+++ RECORDED INFORMATION +++

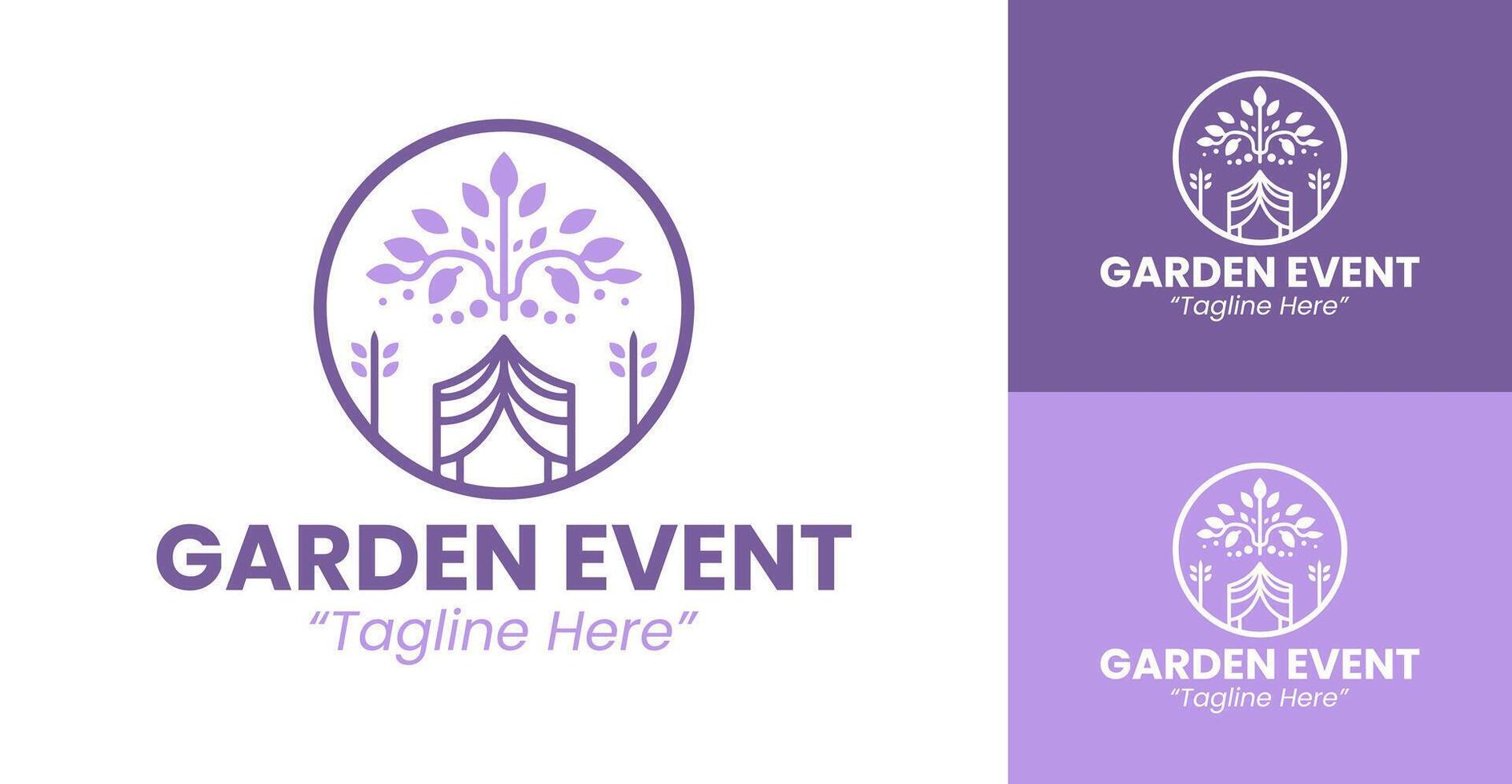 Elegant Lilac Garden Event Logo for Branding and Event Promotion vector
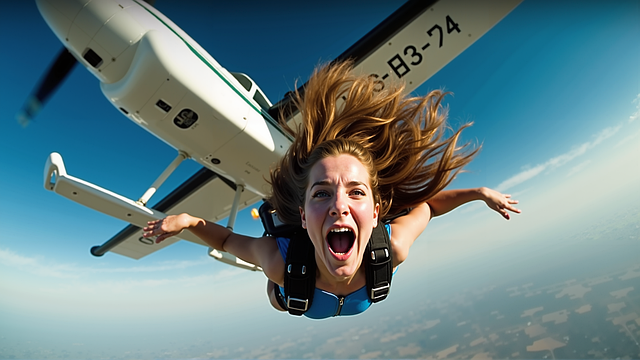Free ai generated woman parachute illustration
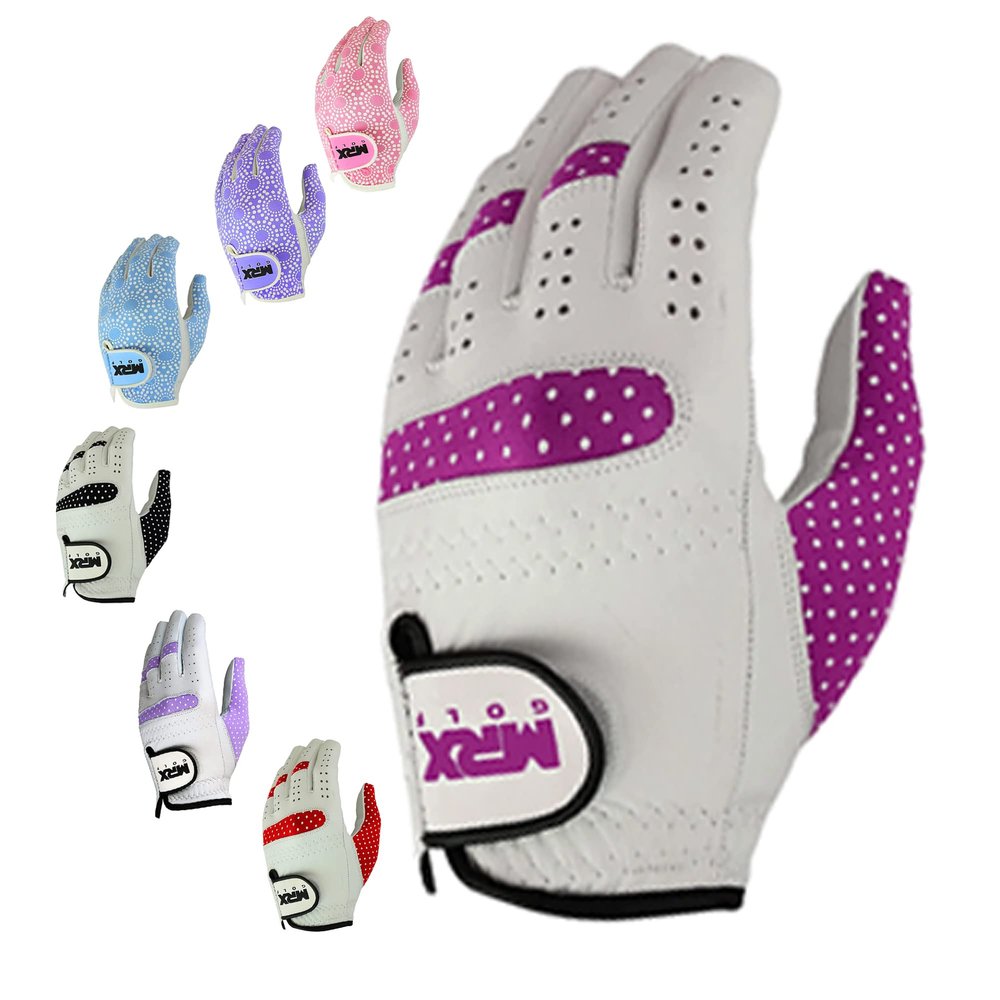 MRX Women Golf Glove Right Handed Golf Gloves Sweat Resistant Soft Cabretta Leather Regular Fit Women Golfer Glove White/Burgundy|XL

+++

### EXERCISE:
Copy the listing word for word, excluding its pictures.

### RESULT FOR THIS TASK:
 Elegant Lilac Garden Event Logo for Branding and Event Promotion vector
Free ai generated woman parachute illustration
 MRX Women Golf Glove Right Handed Golf Gloves Sweat Resistant Soft Cabretta Leather Regular Fit Women Golfer Glove White/Burgundy|XL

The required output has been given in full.